Elle insiste cependant pour dire qu’une grande partie du problème provient de Fox News, qu’elle accuse de tirer un profit pécuniaire de la désinformation.

Et l’experte, qui espère déposer plainte le mois prochain contre la chaîne, n’est pas la seule dans ce cas.

Fox News, joyau de l’empire médiatique du magnat Rupert Murdoch, s’est résolue mardi à payer 787,5 millions de dollars pour mettre fin aux poursuites de Dominion Voting Systems.  

Cette entreprise de machines de vote électronique accusait la chaîne d’avoir proféré des mensonges à l’antenne en marge de la présidentielle de 2020, affirmant que l’entreprise avait truqué les résultats en faveur de Joe Biden face à Donald Trump.

En amont d’un procès contre Dominion qui n’aura finalement pas lieu, une quantité impressionnante d’échanges avait été rapportée par les médias américains, montrant que de hauts responsables de Fox News étaient prêts à répandre des contre-vérités sur l’élection par peur de perdre leur audimat en faveur de chaînes concurrentes, jugées potentiellement plus fidèles à Donald Trump.

« Abreuvé » de mensonges

Selon Nina Jankowicz, l’accord est « une victoire pour la vérité ».

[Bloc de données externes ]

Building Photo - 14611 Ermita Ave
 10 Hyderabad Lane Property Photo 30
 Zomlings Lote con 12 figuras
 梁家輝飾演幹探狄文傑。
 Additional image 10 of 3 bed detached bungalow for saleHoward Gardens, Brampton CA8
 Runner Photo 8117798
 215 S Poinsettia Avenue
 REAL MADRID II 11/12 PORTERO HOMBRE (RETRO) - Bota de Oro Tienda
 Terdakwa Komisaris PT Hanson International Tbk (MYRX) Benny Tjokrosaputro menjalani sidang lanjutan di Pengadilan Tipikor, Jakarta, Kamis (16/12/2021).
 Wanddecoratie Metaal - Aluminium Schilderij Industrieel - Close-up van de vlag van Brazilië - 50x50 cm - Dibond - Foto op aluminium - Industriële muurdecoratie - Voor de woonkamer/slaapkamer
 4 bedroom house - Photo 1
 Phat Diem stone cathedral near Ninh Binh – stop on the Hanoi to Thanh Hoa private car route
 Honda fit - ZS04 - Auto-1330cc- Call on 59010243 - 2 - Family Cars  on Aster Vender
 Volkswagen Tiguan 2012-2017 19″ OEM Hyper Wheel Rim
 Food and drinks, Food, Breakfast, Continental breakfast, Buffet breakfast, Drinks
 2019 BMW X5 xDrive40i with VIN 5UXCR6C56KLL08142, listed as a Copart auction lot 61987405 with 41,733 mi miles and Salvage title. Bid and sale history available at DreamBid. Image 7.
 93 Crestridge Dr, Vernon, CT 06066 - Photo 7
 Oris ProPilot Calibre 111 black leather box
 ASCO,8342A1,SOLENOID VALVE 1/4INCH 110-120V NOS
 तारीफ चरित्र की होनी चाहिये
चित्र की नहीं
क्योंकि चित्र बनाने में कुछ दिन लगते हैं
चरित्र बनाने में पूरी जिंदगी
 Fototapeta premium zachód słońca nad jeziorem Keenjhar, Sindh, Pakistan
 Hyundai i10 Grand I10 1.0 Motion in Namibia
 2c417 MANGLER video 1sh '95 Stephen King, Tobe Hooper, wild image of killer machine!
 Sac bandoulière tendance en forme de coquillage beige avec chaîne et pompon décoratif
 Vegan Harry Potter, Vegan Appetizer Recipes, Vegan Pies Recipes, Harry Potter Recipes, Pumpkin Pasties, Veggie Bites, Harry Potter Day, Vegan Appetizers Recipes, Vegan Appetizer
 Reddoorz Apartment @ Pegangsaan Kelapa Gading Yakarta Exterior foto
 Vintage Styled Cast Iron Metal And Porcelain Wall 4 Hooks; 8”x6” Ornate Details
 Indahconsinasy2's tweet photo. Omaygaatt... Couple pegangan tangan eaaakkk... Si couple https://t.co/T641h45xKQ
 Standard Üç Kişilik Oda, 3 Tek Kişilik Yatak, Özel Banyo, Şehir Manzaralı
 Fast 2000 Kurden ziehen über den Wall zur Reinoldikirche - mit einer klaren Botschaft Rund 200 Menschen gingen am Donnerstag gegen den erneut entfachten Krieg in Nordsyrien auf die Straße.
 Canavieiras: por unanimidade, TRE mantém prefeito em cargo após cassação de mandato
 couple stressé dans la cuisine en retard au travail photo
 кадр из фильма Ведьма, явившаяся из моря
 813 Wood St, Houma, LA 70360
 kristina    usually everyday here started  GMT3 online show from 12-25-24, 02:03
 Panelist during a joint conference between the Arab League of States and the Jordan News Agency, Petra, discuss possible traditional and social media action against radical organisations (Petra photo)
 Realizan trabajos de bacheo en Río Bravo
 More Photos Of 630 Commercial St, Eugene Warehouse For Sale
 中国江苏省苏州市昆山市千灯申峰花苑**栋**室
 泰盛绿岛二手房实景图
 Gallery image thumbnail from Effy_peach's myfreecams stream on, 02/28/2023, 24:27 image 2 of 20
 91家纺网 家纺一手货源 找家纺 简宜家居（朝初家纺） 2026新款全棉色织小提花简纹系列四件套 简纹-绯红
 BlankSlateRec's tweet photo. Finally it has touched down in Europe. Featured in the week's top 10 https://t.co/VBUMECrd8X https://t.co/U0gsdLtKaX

« Mais cela ne résout pas le problème auquel des individus comme moi font face, à savoir qu’obtenir justice pour les mensonges proférés à notre propos est cher et inaccessible si vous n’êtes pas soutenu par un fonds d’investissement », estime-t-elle.

« Qu’est-ce qui empêche Fox et d’autres de s’en prendre à des cibles “ faciles ” s’il n’y a pas d’effet dissuasif ? », s’interroge l’experte, aujourd’hui vice-présidente de l’ONG Center for information resilience.

Sa campagne de levée de fonds en ligne, visant à engager des poursuites contre le groupe, a récolté jusqu’ici la moitié de son objectif de 100 000 dollars.

« Fox News a irrémédiablement changé ma vie quand ils ont abreuvé leurs dizaines de millions de spectateurs de mensonges à mon égard », souligne Nina Jankowicz dans une vidéo accompagnant sa page de levée de fonds.

Des présentateurs de Fox News s’étaient notamment moqués d’elle à l’antenne en diffusant une de ses vidéos TikTok de 2021, dans laquelle elle adapte une chanson de Mary Poppins pour parler de désinformation.

L’un des commentateurs de la chaîne la décrit alors comme « cinglée ».

« Des dizaines de milliers de personnes m’ont harcelée en ligne, des centaines m’ont violemment menacée », déplore l’experte.

Fox News, sollicitée par l’AFP, n’a pas souhaité faire de commentaire.

Sa plainte devrait s’ajouter aux autres tourments judiciaires de la chaîne. Celle-ci fait également face à une plainte en diffamation de Smartmatic, une autre entreprise de services de vote électronique, qui réclame 2,7 milliards de dollars.